Tigmint

Correcting Misassemblies Using Linked Reads From Large Molecules

Shaun Jackman @sjackman

Lauren Coombe, Justin Chu, Rene L Warren, Benjamin P Vandervalk, Sarah Yeo, Zhuyi Xue, Hamid Mohamadi, Joerg Bohlmann, Steven JM Jones, Inanc Birol

RECOMB-Seq 2018-04-20
https://sjackman.ca/tigmint-recomb-slides
Funded by Genome Canada · Genome BC · NIH · NSERC

Shaun Jackman

Birol Bioinformatics Technology Lab
BC Cancer Genome Sciences Centre · Vancouver, Canada
@sjackman · github.com/sjackman · sjackman.ca
Shaun’s head shot

Linked Reads

Tools for Linked Reads

Align linked reads
Lariat (Long Ranger) · EMA
Structural variants
Long Ranger · GROC-SVs · NAIBR · SVenX · Topsorter
Phase variants
Long Ranger
Genome sequence assembly
Supernova
Scaffolding
ARCS · Architect · Fragscaff · Scaff10x

https://github.com/johandahlberg/awesome-10x-genomics

Contigs and scaffolds come to an end due to…

repeats
sequencing gaps
structural variation
misassemblies

Misassemblies limit contiguity

particularly for highly contiguous assemblies.
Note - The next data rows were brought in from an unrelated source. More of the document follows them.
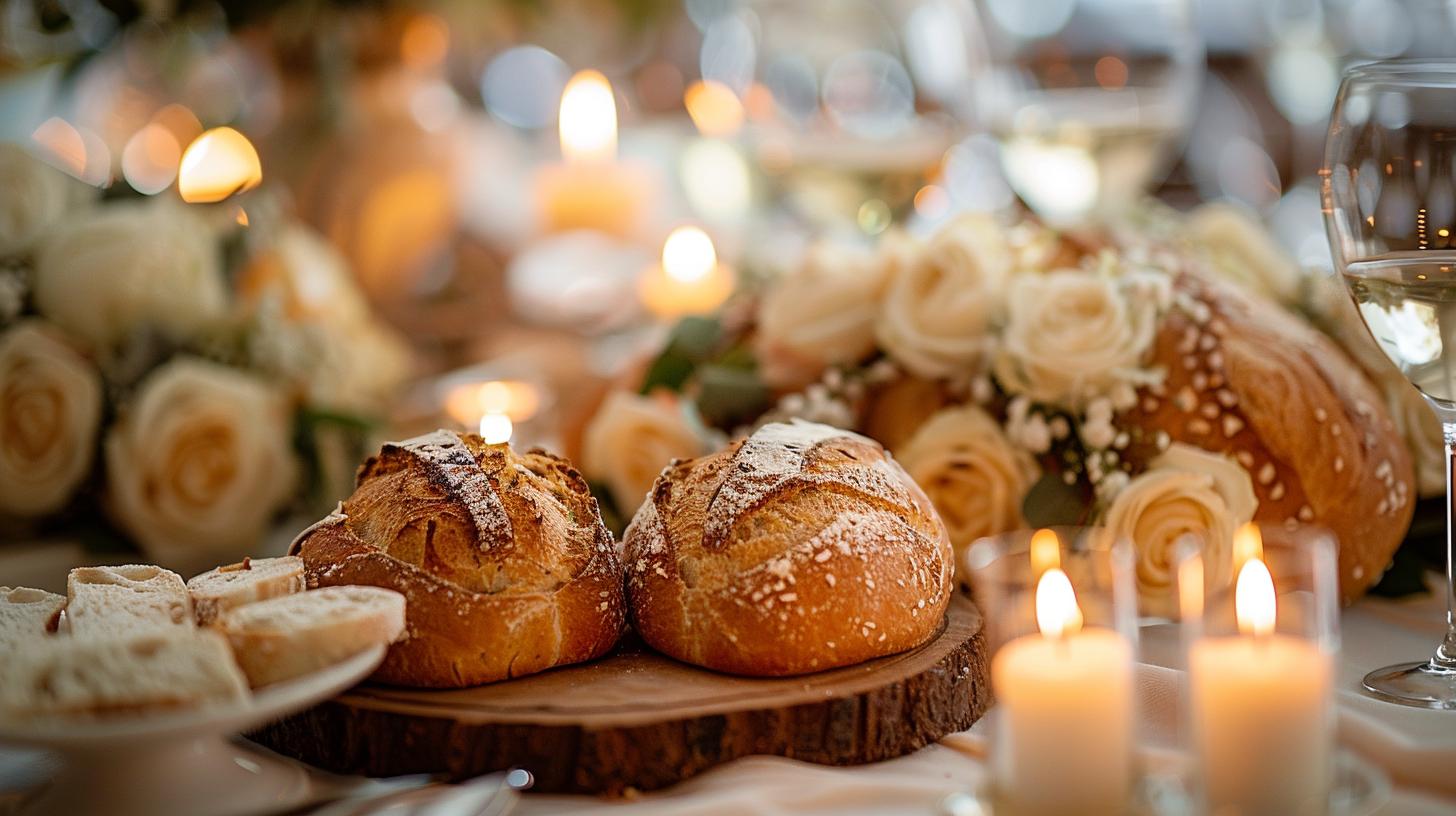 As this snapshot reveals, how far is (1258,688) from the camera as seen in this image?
0.74 meters

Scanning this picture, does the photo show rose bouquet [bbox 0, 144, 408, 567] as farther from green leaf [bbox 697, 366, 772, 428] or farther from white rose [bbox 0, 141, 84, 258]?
green leaf [bbox 697, 366, 772, 428]

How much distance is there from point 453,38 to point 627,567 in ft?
6.85

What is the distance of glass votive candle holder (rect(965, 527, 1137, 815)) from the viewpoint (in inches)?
29.0

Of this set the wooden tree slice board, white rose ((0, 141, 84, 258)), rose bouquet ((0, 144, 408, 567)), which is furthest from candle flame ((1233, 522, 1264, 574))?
white rose ((0, 141, 84, 258))

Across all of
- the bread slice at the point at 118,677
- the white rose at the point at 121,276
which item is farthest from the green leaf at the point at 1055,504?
the white rose at the point at 121,276

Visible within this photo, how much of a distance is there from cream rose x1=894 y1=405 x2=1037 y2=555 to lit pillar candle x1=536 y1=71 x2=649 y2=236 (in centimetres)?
127

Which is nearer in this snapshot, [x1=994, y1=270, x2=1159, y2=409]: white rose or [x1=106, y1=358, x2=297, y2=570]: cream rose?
[x1=994, y1=270, x2=1159, y2=409]: white rose

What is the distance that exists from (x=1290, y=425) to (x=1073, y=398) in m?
0.21

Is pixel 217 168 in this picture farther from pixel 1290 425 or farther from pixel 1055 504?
pixel 1290 425

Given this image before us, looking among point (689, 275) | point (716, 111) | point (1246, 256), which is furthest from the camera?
point (716, 111)

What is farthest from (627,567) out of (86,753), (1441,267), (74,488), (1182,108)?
(1182,108)

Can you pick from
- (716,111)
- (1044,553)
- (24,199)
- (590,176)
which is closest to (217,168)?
(24,199)

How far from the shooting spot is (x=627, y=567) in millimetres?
1101

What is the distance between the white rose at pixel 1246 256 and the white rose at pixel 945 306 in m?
0.37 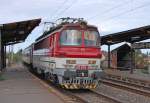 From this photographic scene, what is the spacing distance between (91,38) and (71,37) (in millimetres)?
930

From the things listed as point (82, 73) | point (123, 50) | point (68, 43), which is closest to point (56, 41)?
point (68, 43)

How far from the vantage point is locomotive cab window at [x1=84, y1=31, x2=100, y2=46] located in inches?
768

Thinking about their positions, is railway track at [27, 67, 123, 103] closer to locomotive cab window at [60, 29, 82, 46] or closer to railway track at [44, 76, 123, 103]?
railway track at [44, 76, 123, 103]

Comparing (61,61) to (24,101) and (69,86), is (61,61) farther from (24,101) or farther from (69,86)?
(24,101)

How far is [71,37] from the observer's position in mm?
19406

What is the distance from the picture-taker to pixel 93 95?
722 inches

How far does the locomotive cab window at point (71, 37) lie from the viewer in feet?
63.4

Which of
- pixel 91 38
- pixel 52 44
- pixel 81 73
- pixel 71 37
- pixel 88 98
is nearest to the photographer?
pixel 88 98

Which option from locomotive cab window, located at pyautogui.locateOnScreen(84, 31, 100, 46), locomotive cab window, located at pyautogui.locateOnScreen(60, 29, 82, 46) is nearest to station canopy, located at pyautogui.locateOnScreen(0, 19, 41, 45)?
locomotive cab window, located at pyautogui.locateOnScreen(60, 29, 82, 46)

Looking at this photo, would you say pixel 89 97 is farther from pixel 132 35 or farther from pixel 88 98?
pixel 132 35

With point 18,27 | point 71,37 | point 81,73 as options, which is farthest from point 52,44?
point 18,27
Most scaffolding tools do not correct misassemblies.

Correct misassemblies

Scaffold

https://github.com/bcgsc/tigmint

Method

Map reads to the assembly
Group reads within d bp of each other (d = 50 kbp)
Infer start and end coordinates of molecules
Construct an interval tree of the molecules
Each w bp region ought to be spanned by n molecules
(w = 1 kbp, n = 20)
Identify regions with fewer than n spanning molecules
Cut sequences at regions with insufficient coverage

Tracks from top to bottom
molecule coverage, molecules, read coverage, reads

https://github.com/JustinChu/JupiterPlot

Human genome assembly (GIAB HG004 NA24143)

Assemble human HG004 with PE, MP, and linked reads
Scaffolding with ARCS improved NGA50 from 3 to 8 Mbp
Tigmint reduced misassemblies by 216 (27% reduction)
Tigmint + ARCS improved NGA50 over five-fold to 16 Mbp

Human genome assemblies (GIAB HG004 NA24143)

Note: Supernova used only linked reads, others PE+MP+LR.

Corrects and improves long read assemblies too!

Sequencing	Nanopore	PacBio
Assembler	Canu	Falcon
NGA50 before Tigmint + ARCS	5.4 Mbp	4.2 Mbp
NGA50 after Tigmint + ARCS	10.9 Mbp	12.0 Mbp
Improvement	2.0x	2.9x

Time and Memory

bwa mem Map reads to assembly
5½ hours, 17 GB RAM, 48 threads
tigmint-molecule Group reads into molecules
3¼ hours, 0.08 GB RAM, 1 thread
tigmint-cut Identify misassemblies and cut sequences
7 minutes, 3.3 GB RAM, 48 threads

Conclusion

Scaffolding after correcting with Tigmint yields an assembly both more correct and more contiguous.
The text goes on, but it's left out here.